Persson, Per. Parallel Numerical Procedures for the Solution of Contact-Impact Problems. Linköping Studies in Sci. Tech. Dissertation No. 620, 2000
Finite element (FE) simulations of complex problems tend to yield very large models if detailed knowledge of the problems is required. As the model becomes larger, the time needed for solving the problem increases. The solution time is even longer if contact is present in the model. In order to achieve results within a reasonable time frame, High Performance Computers (HPC) are used. Current HPC are often of a parallel type, and to be utilised efficiently they need parallel algorithms.
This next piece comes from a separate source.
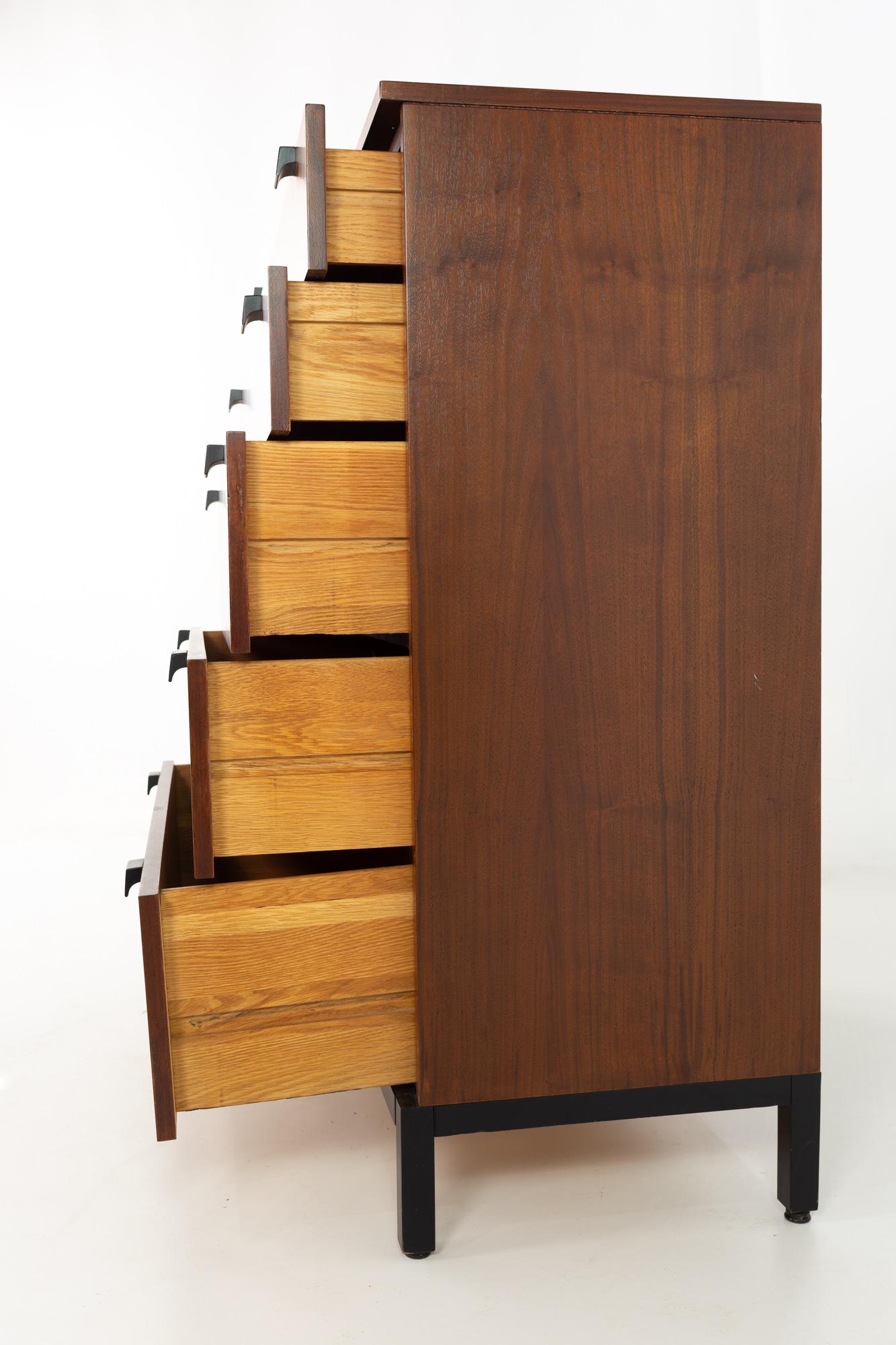 Milo Baughman for Directional Mid Century Walnut 5 Drawer Highboy Dresser 1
In this thesis an efficient parallel contact algorithm for explicit FE simulations is presented. The contact searching is based on a hierarchical concept where also velocity information about the objects is considered. An augmented Lagrange-multiplier method is used to enforce the impenetrability constraints. The parallel algorithm is based on the so-called HITA-DENA algorithm and it is implemented for use in the general FE program mpp/LS-DYNA.
The parallelisation of an FE method using explicit time integration comes mainly from a domain decomposition of the problem. As the solution is carried out, each processor has to communicate certain information to other processors. The objective of most domain decomposition methods is to reduce the fictitious interior border length, i.e. the cut size, We have shown that this criterion is not necessarily the best for a general problem when contact is present in the calculations. Contacts may easily destroy the communication pattern, leading to an increased cost for communication, and decreased performance of the algorithm. In order to increase the efficiency, two separate domain decompositions are proposed: A static decomposition is constructed to give a good load balance for most element-related calculations, while a dynamic decomposition includes only contact information. The redecompsition of the domain for contact calculations is performed regularly with a newly developed parallel Recursive Coordinate Bisection (pRCB) method.
The presented algorithms are general, they can handle complex contact situations, and they have shown good efficiency on several problems.